True, Clinton has finally agreed to make public the 208,000 donors to the Clinton foundation, and he's agreed to submit future business enterprises and speeches for further scrutiny.

"If she is going to be secretary of state and I operate globally and I have people who contribute to these efforts globally," the former president told CNN, "I think that it's important to make it totally transparent."

Nevertheless, Clinton's jet-set moneymaking has already presented ethics lawyers with a confounding thicket, and his future endeavors may prove even more troublesome in the years to come.

Sure, a lot of the money Bill Clinton has raised may go to worthy causes, and there's no indication his wife will personally profit from it. Still, his global fundraising will create at least the appearance of serious conflicts when Hillary Clinton meets with leaders of countries in which he's been active.

Consider just one of Bill Clinton's lucrative arrangements. In the fall of 2005, he accompanied Canadian mining tycoon Frank Giustra on Giustra's corporate jet to meet with Kazakhstan strongman Nursultan Nazarbayev.

The U.S. had criticized Nazarbayev for jailing political opponents, canceling elections, and government control of the news media. Sen. Hillary Clinton had questioned his human rights record.

Nevertheless, he must have made quite an impression on Bill Clinton, who left the meeting publicly endorsing Nazarbayev's effort to head the Organization for Security and Cooperation in Europe, which monitors elections and supports democracy. At a news conference afterwards, Clinton went so far as to praise Nazarbayev for "opening up the social and political life in your country."

Within 48 hours of the Clinton and Giustra meeting with Nazarbayev, Giustra signed a contract with the Kazakh state-owned uranium company, giving Giustra the right to buy into three uranium-mining projects, instantly turning him into one of the world's largest uranium producers (Kazakhstan possesses one-fifth of the world's known reserves of uranium).

With mining operations all over the globe courting the Kazakhs, Gene Clark, a uranium industry newsletter publisher, was quoted in The New York Times saying the choice of Giustra's company was "a mystery."
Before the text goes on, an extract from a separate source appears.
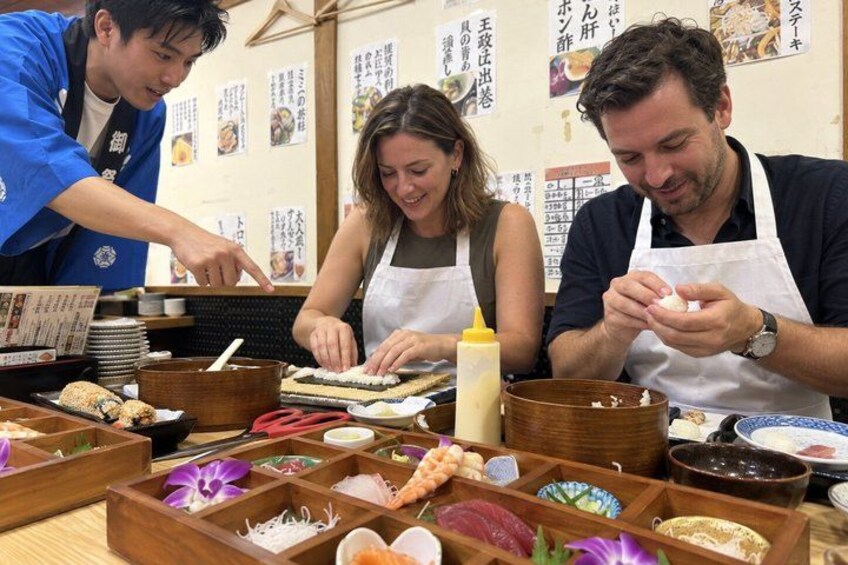 Three people preparing food at a wooden table with various dishes and ingredients. 1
Within months, Giustra made a $31.3 million gift to The William J. Clinton Foundation, the Times reported. Later that same year, Clinton accompanied Giustra to Colombia, where another of Giustra's mining concerns was brokering a coal mining operation.

In June of 2007, Giustra gave $100 million to help establish the "Clinton-Giustra Sustainable Growth Initiative" to address global poverty. Some time later, Giustra, now 51, committed to give The William J. Clinton Foundation half of his future mining profits for life.

With Bill Clinton's foundation now essentially a 50 percent partner in Giustra's global mining empire, how will Secretary of State Hillary Clinton be able to travel to any country where Giusta has interests -- or hopes to have interests -- without creating at least the appearance of a conflict?

There are a couple solutions to all this, of course. Bill Clinton can dissociate himself from the foundation, or the foundation can void the gift.

Voiding the bequest was the "draconian" suggestion of former House Democratic Counsel Stanley Brand: "I don't know how else you remedy it," Brand told The Washington Post.

Republicans and Democrats alike ought to demand no less. Regardless of her qualifications, they should seriously question the junior senator from New York about her husband's global money-making, and how it might affect her performance as secretary of state -- not to mention America's foreign policy.

The opinions expressed in this commentary are solely those of Leslie Sanchez.